パフォーマンス不足があらわとなったフェラーリ

2月にスペインのバルセロナで行われたF1プレシーズンテストで思ったようなパフォーマンスを示すことができなかったフェラーリだが、実際にシーズンが開幕すると2020年型マシンが予想以上に深刻な問題を抱えていることが明らかとなった。

開幕戦オーストリアGP決勝ではチャンスをうまくものにしたシャルル・ルクレールが2位表彰台を獲得したものの、予選では7番手にとどまっていた。そして今季限りでフェラーリを離脱することが決まっているセバスチャン・ベッテルは予選Q3進出を逃して11番グリッドからのスタートとなり、決勝ではひとつ順位を上げて10位となるのがやっとだった。

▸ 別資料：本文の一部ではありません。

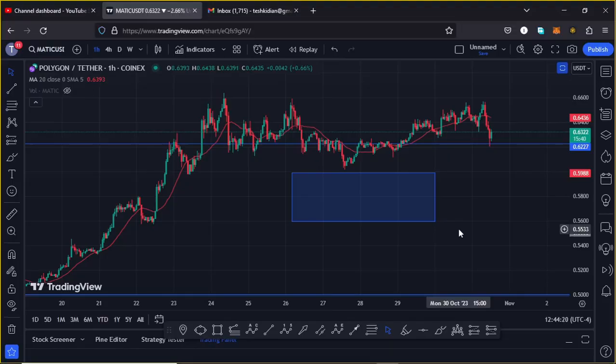Welcome back for another Polygon MATIC price prediction analysis. In this video I will be sharing areas that MATIC needs to continue holding above for us to continue expecting higher prices, and also my pullback target areas.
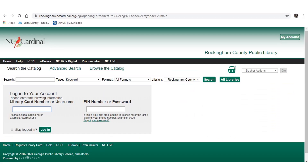Once you've clicked on My Account, you'll be taken to the Login to Your Account page. One of the first things you'll see on this page is a field asking you to type in your library card number or username.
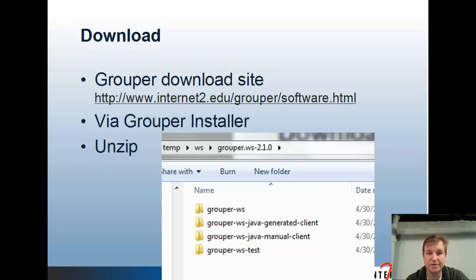You can download the web services from Grouper's software page, or via the Grouper installer. When you unzip them there are four directories: Grouper WS, Grouper WS Java generated client, manual client, and Grouper WS test. The Grouper WS folder is probably the only one you need to be concerned about unless you're going to try to run the tests.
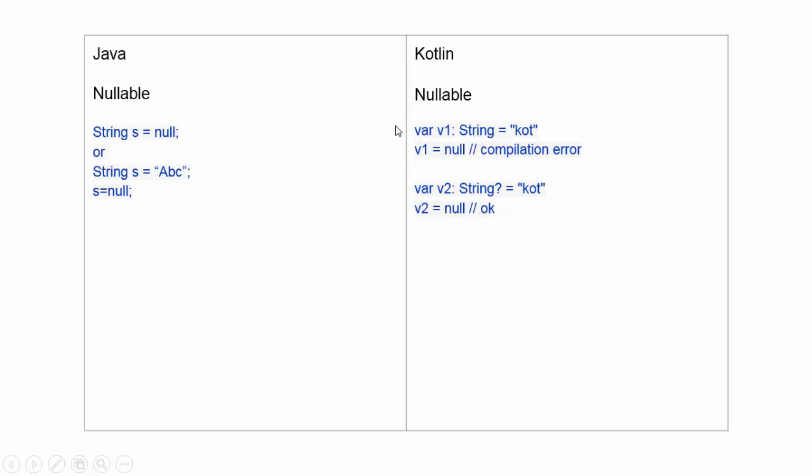If a user assigns a null value, it will give a compilation error. If a variable can have a null value, then we use a question mark after the parameter type. Now the variable can have a null value.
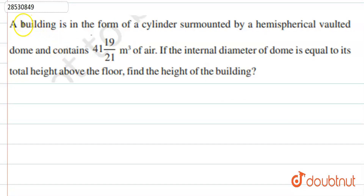This question says: a building is in the form of a cylinder surmounted by a hemispherical water dome.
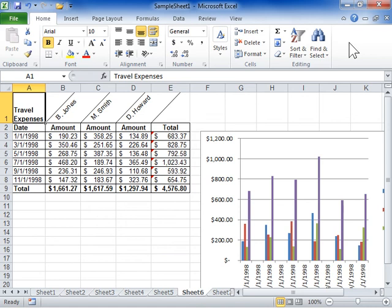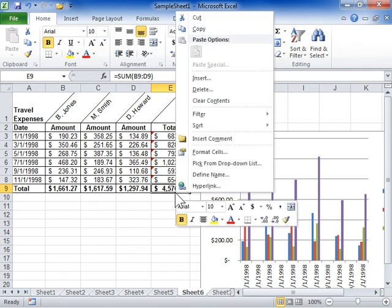Replace a formula with its calculated value. Right-click the cell to be modified. On the shortcut menu, click Copy.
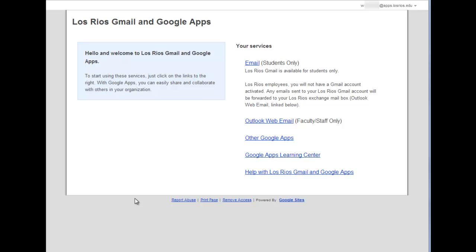This video shows how to set up forwarding from Los Rios Gmail to another email account. After I have logged into Los Rios Gmail and Google Apps, I click on the link to open up the email service.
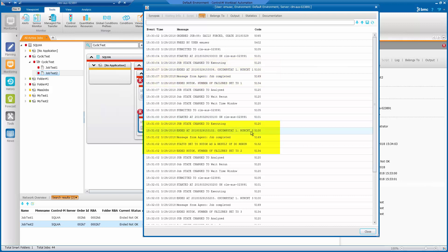In the next run, where you see run count two, the message from the agent is job completed and the status is set to not okay.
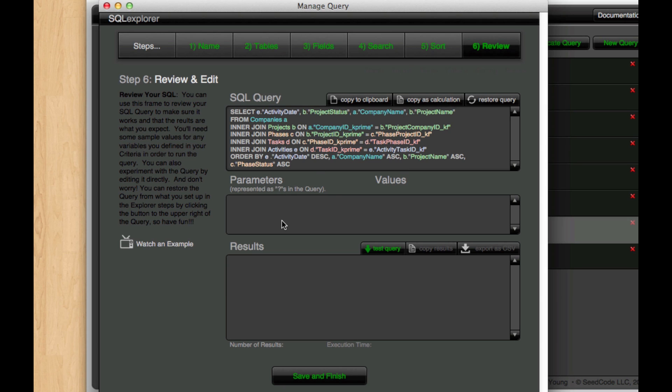But we really are just scratching the surface of things you can do in SQL. And one of the nice things is that even if we don't give you the tools to build your query, we still give you a nice sandbox to play around with it, and maybe the tools that we've provided will get you halfway there, and then you can run with it on your own.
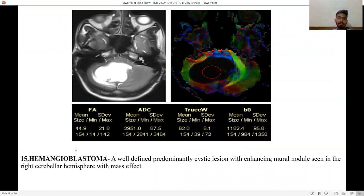MRS shows a large lactate peak. Hemangioblastoma — a well-defined predominantly cystic lesion with an enhancing mural nodule seen in the right cerebellar hemisphere with mass effect.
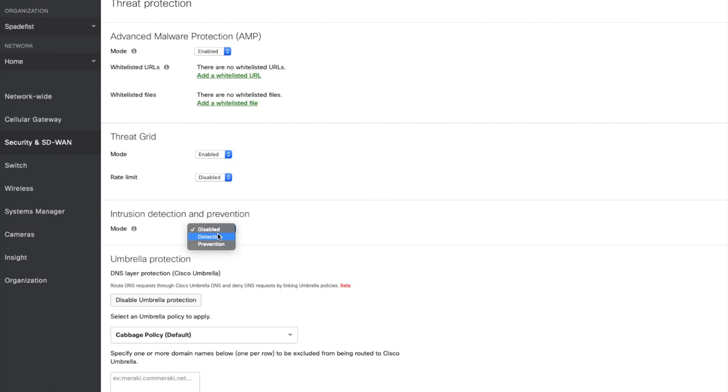In detection mode, SNORT will simply alert when traffic going through the MX matches one of the signatures, whereas in prevention mode the MX will stop the flow for the traffic going through the MX that matches one of those signatures. Unless there is an explicit business reason to operate in detection mode, we strongly recommend operating in prevention mode.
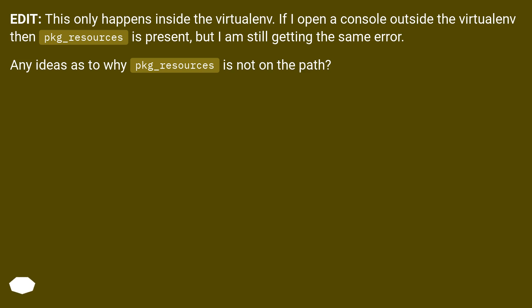Edit: this only happens inside the virtualenv. If I open a console outside the virtualenv then pkg-resources is present, but I am still getting the same error. Any ideas as to why pkg-resources is not on the path?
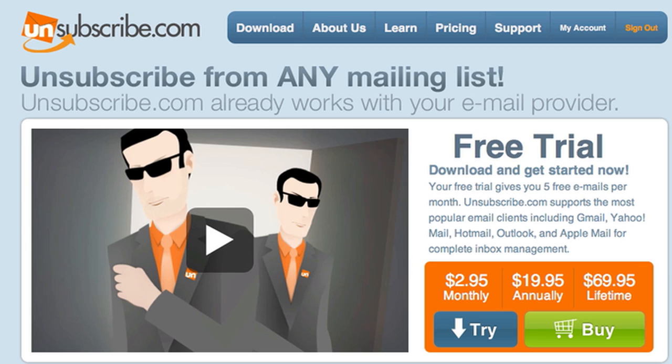So usually how that works is you get an email from whatever you're subscribed to. You scroll down to the bottom, you hit the unsubscribe button, but you still get sent stuff. And if you're like me, that's very irritating. So unsubscribe.com will permanently get rid of all your unwanted subscriptions.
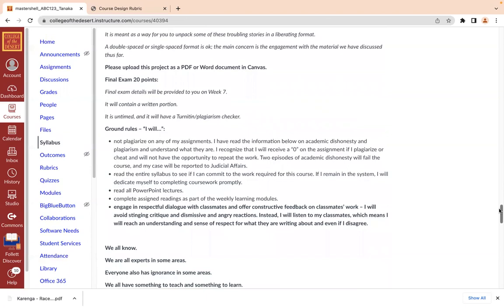The final exam is going to be 20 points, and I'll provide it to you one week before the end of the session. It will contain a written portion and is untimed, but please make sure you do not plagiarize — that will be grounds for earning a zero not only on that assignment but for the course as well.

さらに、第2戦シュタイアーマルクGP予選ではベッテルが10番手、ルクレールが11番手に沈み、決勝ではスタート直後にその2台がクラッシュしてリタイアするという最悪の結果となってしまった。

フェラーリのチームマネジメントに問題?

イタリアの『Tuttosport(トゥットスポルト)』はそんなフェラーリを酷評している。

「2人のドライバーがエンジニアたちの仕事をすべて無駄にしてしまった」

本来であれば今週末に行われる第3戦ハンガリーGPで投入する予定だった新パーツを急遽シュタイアーマルクGPで使用し、その評価を行う予定にしていたフェラーリだが、2台ともに開始早々にリタイアしたことで決勝でのデータがまったくとれなかったことに言及した『Tuttosport(トゥットスポルト)』は次のように付け加えている。

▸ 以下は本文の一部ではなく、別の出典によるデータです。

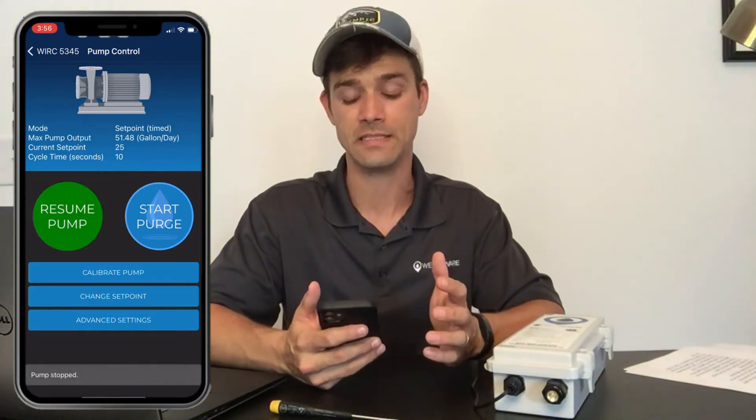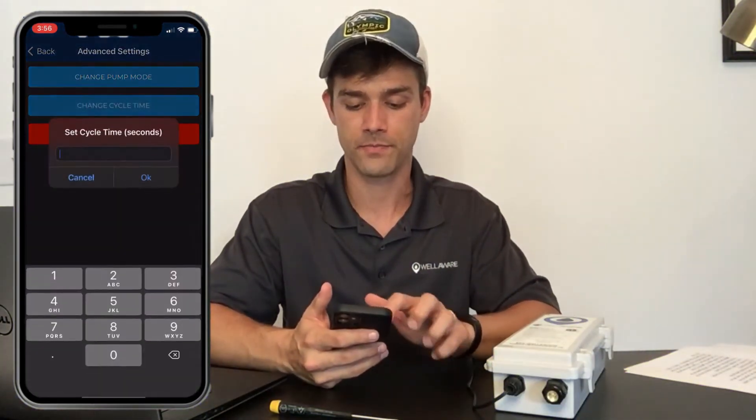The WellAware Field app gives quick pump controls. I can stop the pump and the LED turns off, then resume it back to its normal set point. I can also purge the lines — sometimes a line fills with air and you need to run the pump full bore. Starting a purge keeps the LED on continuously. As soon as I stop the purge, it returns to normal operation: five seconds on, five seconds off. I can also change the cycle time — setting it to five seconds means it'll run two and a half seconds on and two and a half seconds off.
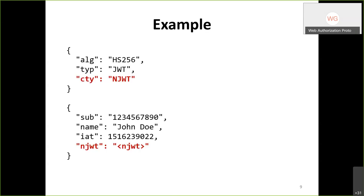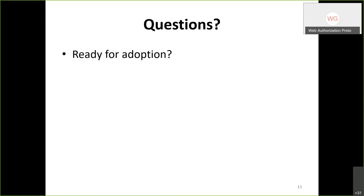How does the draft propose to solve this? First, define a new content type header - suggested name 'njot' for nested JOT - to indicate that the outer JOT will have its own claims. Second, define a new claim inside the JOT, also called 'njot'. The example shows the 'cty' header at the top and the nested JOT in the payload. It's simple but useful in several cases. Are there questions, or are people ready to adopt this?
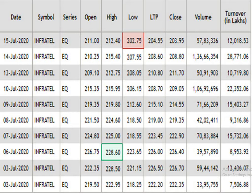This is the 15 days data analysis. According to that, the resistance level is Rs 228.6, the support level is Rs 202.70, and the traded volume is pretty decent.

「ひとつだけ確かなことがある。セルジオ・マルキオンネ(前会長)の死後、スクーデリア(フェラーリ)は方向性を見失っているようだ」

かつてフェラーリに所属していたこともある元F1ドライバーのゲルハルト・ベルガーも同様の見方をしているようだ。

ベルガーは母国オーストリアの『Servus TV(セアヴスTV)』に次のように語った。

「問題はチームだよ」

「その問題は非常に深い。私には彼らが短期間のうちにその解決策を見つけられるとは思えない」

スイスの『Blick(ブリック)』紙は、その責任を負うべきなのはチーム代表のビノットだと次のように書いている。

「このフェラーリの危機を生んだのはマッティア・ビノットだ」

ベルガーは、チーム代表と技術責任者を兼務するビノットの負担が大きすぎるのが問題なのだと考えている。

「私は最初にこの体制では絶対にうまく機能しないと言ったんだ。私はマッティアを責めるつもりはまったくない。彼は優秀なエンジニアだし、私のクルマも担当していた好人物なんだ」

「だが、レッドブルに目を向ければ、あそこにはヘルムート・マルコ(アドバイザー)、クリスチャン・ホーナー(チーム代表)、エイドリアン・ニューウェイ(技術責任者)がいる。同じことはメルセデスにも言えるよ」

チーム代表を替えれば済む問題ではない

ドイツ出身の元F1ドライバーであるラルフ・シューマッハも現在のフェラーリは組織体制的問題を抱えていると考えている。だが、シューマッハはその問題はビノットを更迭したところでどうにかなるようなものではないと『Sky Deutschland(スカイ・ドイツ)』に次のように語った。

「シーズン半ばでそんなことをしても意味ないよ」

「しかし、彼らは答えを見つけ出さなくてはならない。単にエンジンあるいはドライバーだけの問題ではないからね」

「セルジオ・マルキオンネはもっと多くのイタリア人がチーム運営にかかわるべきだと言っていた。それはロマンティックで素敵な考えだ。しかし、実際にはそれではうまく機能しないよ。F1は国際的なものだからね」

「重要な問題は、状況をうまくコントロールさせるために外部から人材を引き抜く心構えができているかどうかだ。もしそうでなければ、彼は今のポジションにはふさわしくないよ」

「ビノットのお粗末なやり方のひとつの例がセバスチャンとの契約だ。彼らは彼に大金を支払っているが、今の彼らの彼に対する対応はすごくぎごちないものになっている。今にそれが火を噴いてもおかしくないよ」

根本的問題解明が急務

フェラーリの差し迫った課題は、次にどういう手を打つかということだろう。

やはりかつてフェラーリでドライバーを務めていた元F1ドライバーのジャン・アレジはイタリアの『Radio Anch'io(ラジオ・アンキーオ)』に次のように述べている。

「ドライバーたちにかかるプレッシャー以上に、実際にはクルマのできが悪いし、エンジニアたちによる改善策も機能しなかった」

そして、ビノットもイタリアの『La Gazzetta dello Sport(ガゼッタ・デロ・スポルト)』に次のように語った。

「ここから抜け出すのは簡単なことではないよ。進歩させるためには問題の根源を理解する必要がある」

「このプロジェクトの根本をなす(F1マシンの)コンセプトに問題があるのかもしれない。だから、現時点において最も重要なことは偏見を持たず、あらゆる視点からすべてを分析することだ」とビノットは付け加えた。